Now at 64 cores and above it is clear that the Linux developers have spent a lot of time making the Linux kernel better. May have something to do with the fact that a big proportion of servers in production with many CPUs/cores are Linux servers so they started investing in this quite early?
Honestly a little surprised it's as close as it is. I have consistently hated having to deploy anything that requires lots of cores on a windows machine.
I have been keeping on eye on DragonflyBSD for years now, it does some very interesting things, so this:
> Coming up next I will be looking at the FreeBSD / DragonFlyBSD performance on the Threadripper 3990X
has me excited.
I'd like to see comparisons of compilation time. I wish there was a standard for benchmarking CPUs by compilation time.

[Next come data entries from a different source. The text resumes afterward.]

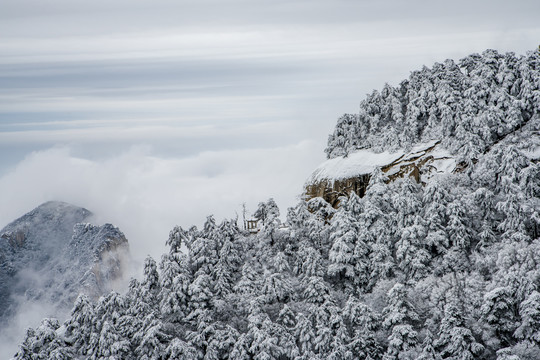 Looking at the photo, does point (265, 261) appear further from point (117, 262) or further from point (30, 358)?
point (117, 262)

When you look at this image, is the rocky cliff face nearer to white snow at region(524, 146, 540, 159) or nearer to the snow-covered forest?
the snow-covered forest

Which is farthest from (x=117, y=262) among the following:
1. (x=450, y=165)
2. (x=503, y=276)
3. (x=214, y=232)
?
(x=503, y=276)

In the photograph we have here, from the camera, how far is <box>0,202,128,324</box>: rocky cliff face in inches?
6216

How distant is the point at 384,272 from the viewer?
140 ft

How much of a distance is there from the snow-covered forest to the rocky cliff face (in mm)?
117615

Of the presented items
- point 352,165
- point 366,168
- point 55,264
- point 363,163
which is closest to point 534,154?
point 366,168

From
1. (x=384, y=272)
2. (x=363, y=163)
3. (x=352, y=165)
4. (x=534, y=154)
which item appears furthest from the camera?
(x=352, y=165)

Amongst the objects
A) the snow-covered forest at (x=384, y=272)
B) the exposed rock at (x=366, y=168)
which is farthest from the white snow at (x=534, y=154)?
the exposed rock at (x=366, y=168)

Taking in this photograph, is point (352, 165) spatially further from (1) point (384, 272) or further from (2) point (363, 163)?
(1) point (384, 272)

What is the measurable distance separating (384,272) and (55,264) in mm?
167308

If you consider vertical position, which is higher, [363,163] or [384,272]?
[363,163]

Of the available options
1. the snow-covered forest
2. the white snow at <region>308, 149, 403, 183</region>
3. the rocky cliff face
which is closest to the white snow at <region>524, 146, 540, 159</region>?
the snow-covered forest

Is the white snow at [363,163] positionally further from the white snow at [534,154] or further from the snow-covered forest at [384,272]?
the white snow at [534,154]

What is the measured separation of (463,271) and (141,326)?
→ 1116 inches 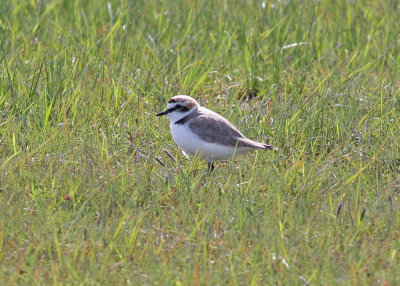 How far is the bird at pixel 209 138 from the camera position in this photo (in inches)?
227

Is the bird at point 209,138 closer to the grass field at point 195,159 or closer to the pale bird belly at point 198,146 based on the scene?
the pale bird belly at point 198,146

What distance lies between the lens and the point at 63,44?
7992mm

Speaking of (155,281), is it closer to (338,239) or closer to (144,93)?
(338,239)

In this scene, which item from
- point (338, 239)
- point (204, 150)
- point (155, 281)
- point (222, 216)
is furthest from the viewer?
point (204, 150)

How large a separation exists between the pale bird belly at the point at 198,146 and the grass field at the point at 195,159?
11cm

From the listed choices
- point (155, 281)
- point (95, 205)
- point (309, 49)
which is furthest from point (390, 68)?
point (155, 281)

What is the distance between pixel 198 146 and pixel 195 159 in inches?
7.3

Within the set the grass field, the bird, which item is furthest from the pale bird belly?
the grass field

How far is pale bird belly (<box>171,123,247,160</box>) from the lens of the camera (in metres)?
5.78

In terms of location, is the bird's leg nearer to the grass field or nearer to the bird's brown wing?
the grass field

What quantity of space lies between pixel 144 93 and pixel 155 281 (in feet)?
11.2

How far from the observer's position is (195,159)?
18.5 ft

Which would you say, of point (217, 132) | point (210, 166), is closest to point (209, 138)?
point (217, 132)

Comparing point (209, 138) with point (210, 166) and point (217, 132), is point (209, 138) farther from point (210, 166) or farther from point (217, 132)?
point (210, 166) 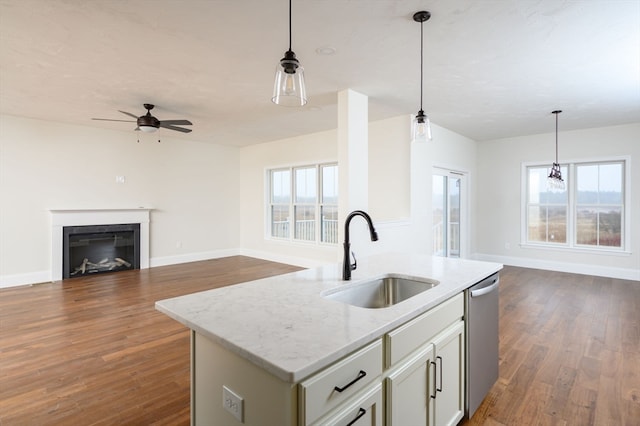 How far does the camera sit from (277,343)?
1.11 meters

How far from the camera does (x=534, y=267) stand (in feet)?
21.9

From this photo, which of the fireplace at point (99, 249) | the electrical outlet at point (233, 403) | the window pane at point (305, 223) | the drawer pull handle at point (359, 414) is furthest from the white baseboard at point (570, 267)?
the electrical outlet at point (233, 403)

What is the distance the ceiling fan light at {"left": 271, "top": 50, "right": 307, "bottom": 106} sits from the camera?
5.54ft

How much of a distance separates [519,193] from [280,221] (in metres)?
4.98

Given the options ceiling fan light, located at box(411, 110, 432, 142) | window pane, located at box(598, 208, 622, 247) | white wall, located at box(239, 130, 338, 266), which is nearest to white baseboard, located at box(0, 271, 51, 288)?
white wall, located at box(239, 130, 338, 266)

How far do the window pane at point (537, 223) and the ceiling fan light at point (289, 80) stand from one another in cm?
662

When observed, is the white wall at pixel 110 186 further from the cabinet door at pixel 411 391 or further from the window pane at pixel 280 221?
the cabinet door at pixel 411 391

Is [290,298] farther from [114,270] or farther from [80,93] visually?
[114,270]

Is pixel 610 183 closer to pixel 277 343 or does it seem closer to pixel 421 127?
pixel 421 127

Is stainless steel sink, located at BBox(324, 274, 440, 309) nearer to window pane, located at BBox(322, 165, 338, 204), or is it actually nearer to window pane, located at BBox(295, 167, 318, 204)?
window pane, located at BBox(322, 165, 338, 204)

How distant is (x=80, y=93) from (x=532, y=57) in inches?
195

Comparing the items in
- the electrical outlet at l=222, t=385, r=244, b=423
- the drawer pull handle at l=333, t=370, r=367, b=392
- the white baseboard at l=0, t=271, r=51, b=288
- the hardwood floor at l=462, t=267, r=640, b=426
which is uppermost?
the drawer pull handle at l=333, t=370, r=367, b=392

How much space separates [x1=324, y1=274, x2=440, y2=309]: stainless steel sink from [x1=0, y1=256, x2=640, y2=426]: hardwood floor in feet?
2.82

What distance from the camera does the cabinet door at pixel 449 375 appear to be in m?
1.68
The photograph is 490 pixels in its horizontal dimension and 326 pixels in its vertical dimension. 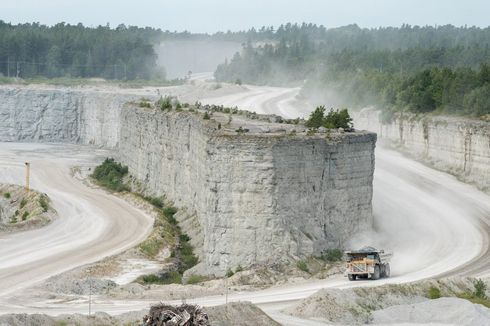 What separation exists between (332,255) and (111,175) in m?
30.3

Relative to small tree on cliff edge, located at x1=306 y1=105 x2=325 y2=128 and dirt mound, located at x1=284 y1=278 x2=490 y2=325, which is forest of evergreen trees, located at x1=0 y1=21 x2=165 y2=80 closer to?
small tree on cliff edge, located at x1=306 y1=105 x2=325 y2=128

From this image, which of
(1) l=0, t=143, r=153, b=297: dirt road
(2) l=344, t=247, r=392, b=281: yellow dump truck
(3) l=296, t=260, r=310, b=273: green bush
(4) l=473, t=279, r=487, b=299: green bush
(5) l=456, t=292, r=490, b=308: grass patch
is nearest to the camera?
(5) l=456, t=292, r=490, b=308: grass patch

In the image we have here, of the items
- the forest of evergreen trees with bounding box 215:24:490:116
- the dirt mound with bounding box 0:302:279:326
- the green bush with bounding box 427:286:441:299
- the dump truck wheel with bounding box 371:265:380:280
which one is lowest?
the dump truck wheel with bounding box 371:265:380:280

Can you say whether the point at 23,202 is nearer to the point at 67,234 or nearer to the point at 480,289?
the point at 67,234

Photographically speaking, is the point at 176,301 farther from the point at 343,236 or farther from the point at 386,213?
the point at 386,213

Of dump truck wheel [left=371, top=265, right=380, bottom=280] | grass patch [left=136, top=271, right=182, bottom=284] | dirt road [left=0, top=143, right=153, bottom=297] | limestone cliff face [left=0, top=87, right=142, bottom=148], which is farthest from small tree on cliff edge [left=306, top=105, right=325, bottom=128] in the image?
limestone cliff face [left=0, top=87, right=142, bottom=148]

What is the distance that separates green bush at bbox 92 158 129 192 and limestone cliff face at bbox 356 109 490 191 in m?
21.3

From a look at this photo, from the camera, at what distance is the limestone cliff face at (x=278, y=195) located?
46688 mm

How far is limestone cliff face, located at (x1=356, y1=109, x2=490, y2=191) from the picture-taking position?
232ft

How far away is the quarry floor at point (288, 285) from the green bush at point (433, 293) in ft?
11.0

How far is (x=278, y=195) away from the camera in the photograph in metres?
46.8

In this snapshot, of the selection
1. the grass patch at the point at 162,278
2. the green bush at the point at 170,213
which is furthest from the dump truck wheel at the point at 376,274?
the green bush at the point at 170,213

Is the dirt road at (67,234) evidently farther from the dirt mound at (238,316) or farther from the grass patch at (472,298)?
the grass patch at (472,298)

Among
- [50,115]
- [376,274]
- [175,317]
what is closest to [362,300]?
[376,274] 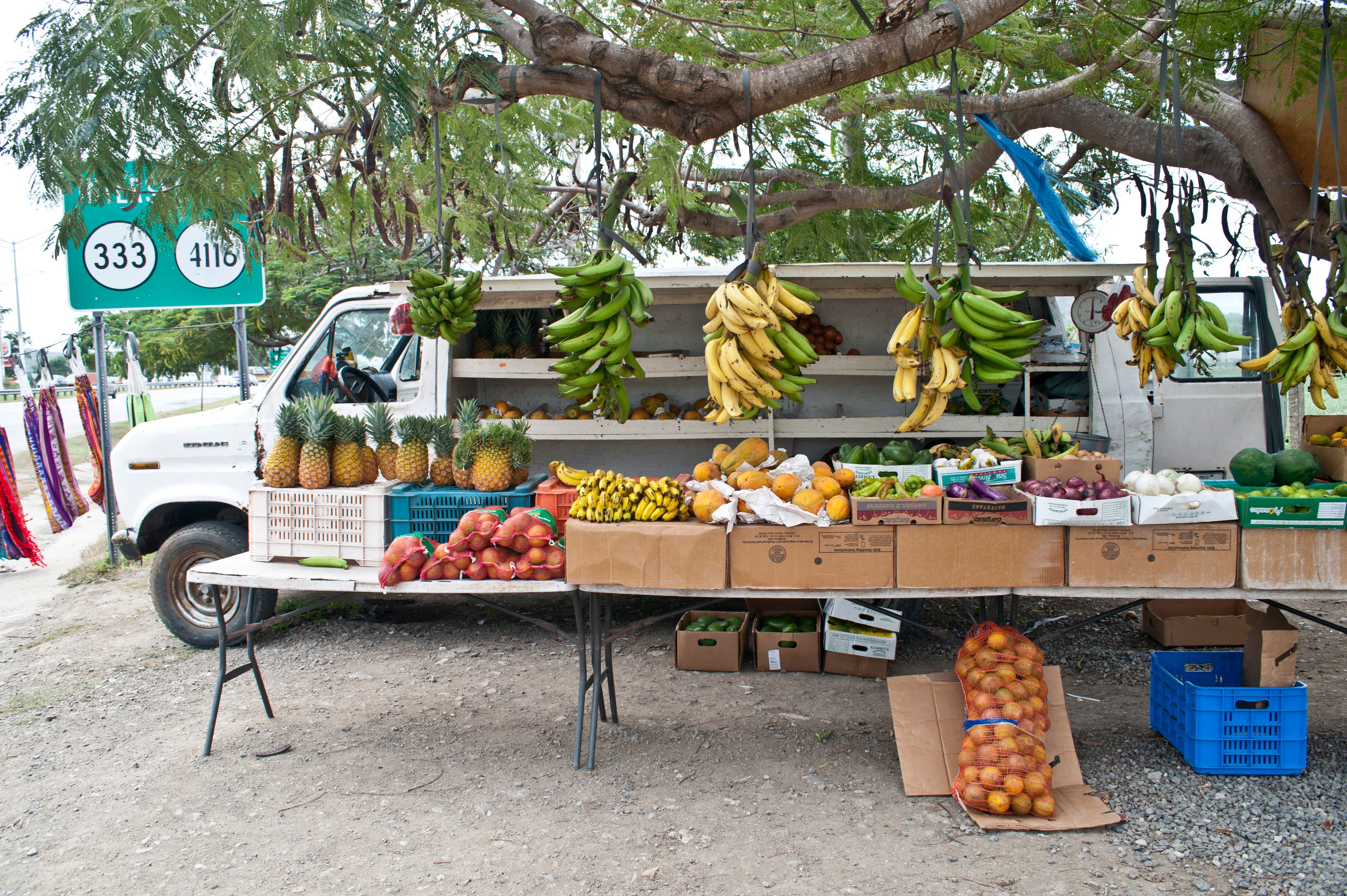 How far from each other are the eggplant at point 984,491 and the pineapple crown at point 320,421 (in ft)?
11.1

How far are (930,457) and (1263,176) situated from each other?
276 cm

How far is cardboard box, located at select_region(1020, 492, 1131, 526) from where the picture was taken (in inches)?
140

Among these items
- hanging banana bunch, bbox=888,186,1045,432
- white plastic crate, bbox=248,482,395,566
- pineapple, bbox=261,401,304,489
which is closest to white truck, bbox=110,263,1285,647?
pineapple, bbox=261,401,304,489

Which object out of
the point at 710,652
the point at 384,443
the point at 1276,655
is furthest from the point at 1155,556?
the point at 384,443

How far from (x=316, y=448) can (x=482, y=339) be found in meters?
1.99

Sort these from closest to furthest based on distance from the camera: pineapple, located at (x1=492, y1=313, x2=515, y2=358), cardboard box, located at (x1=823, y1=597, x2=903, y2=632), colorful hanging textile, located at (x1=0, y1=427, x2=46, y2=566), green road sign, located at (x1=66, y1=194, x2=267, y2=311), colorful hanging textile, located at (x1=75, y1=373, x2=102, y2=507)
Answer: cardboard box, located at (x1=823, y1=597, x2=903, y2=632)
pineapple, located at (x1=492, y1=313, x2=515, y2=358)
green road sign, located at (x1=66, y1=194, x2=267, y2=311)
colorful hanging textile, located at (x1=0, y1=427, x2=46, y2=566)
colorful hanging textile, located at (x1=75, y1=373, x2=102, y2=507)

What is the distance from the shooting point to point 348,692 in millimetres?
5137

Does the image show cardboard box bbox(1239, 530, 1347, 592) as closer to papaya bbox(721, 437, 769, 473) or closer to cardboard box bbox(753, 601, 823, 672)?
papaya bbox(721, 437, 769, 473)

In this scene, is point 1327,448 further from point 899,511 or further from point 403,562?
point 403,562

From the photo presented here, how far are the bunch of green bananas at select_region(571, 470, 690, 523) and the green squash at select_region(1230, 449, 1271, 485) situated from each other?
2647mm

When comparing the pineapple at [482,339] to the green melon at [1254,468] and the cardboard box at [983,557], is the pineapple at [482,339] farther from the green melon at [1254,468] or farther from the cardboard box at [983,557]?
the green melon at [1254,468]

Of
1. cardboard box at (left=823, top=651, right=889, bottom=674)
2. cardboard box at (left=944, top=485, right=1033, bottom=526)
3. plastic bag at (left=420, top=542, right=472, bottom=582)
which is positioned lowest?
cardboard box at (left=823, top=651, right=889, bottom=674)

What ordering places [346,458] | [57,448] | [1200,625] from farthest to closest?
[57,448], [1200,625], [346,458]

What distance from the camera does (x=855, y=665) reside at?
5.25 metres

I know quite often a compilation of the Firefox source code is used, as well as the Linux kernel, I just wish it was more prevalent in these reviews.
The linux kernel has been run on "big iron" for a long time now, it would be surprising if it weren't better prepared for scaling to 128+ cores.
linux/Documentation/vm/numa.rst states it was started in 1999, was windows going anywhere near NUMA architectures back then?
These are all embarrassingly parallel multiplication workloads. Would be nice for a change if anyone would run something like MySQL or a gRPC server or something like that, you know one where it actually makes a difference how threads get scheduled when they go to sleep and wake up and when packets arrive and so forth.
With no clear explanation of wildly varying results between different benchmarks, I wonder if the the analysis is flawed.
Were those programs built with the same toolchain? Could it be, that some library the lagging ones use is causing the problem?
looking at the results make me wonder if MS is keeping separate branches of win 10 internally or some CPU hogging services are disabled on Win 10 enterprise version.
So, the get max pref from the Windows kernel, the software should use the completion port API, and not regular threads/locks.
https://docs.microsoft.com/en-us/windows/win32/fileio/i-o-co...
However, any software that does that will likely NOT be cross platform.
In addition, if you want to benchmark the kernel, you should run against ram disk and not SSD.
They're using `Clear Linux 32280` which is a distro produced by Intel.
Presumably built using the Intel compiler which specifically penalizes using AMD CPUs.
Would explain the advantage at low core counts that windows has.
There is no mention in the article whether the software suite was vetted for support of more than 64 threads on Win32. The API has a peculiar weakness that limits thread scheduling to a single processor group by default and a group can have no more than 64 hardware threads. To get above this limit, the application must explicitly adjust the processor affinity of its threads to include the additional hardware threads. MS was not in a hurry to adjust the C++ STL and their OpenMP runtime after the basic processor group API appeared in Vista. I am not sure if they managed to do it by now. Some of the benchmark results look to me like the missing scaling from 64 to 128 hardware threads on Windows might be caused by this.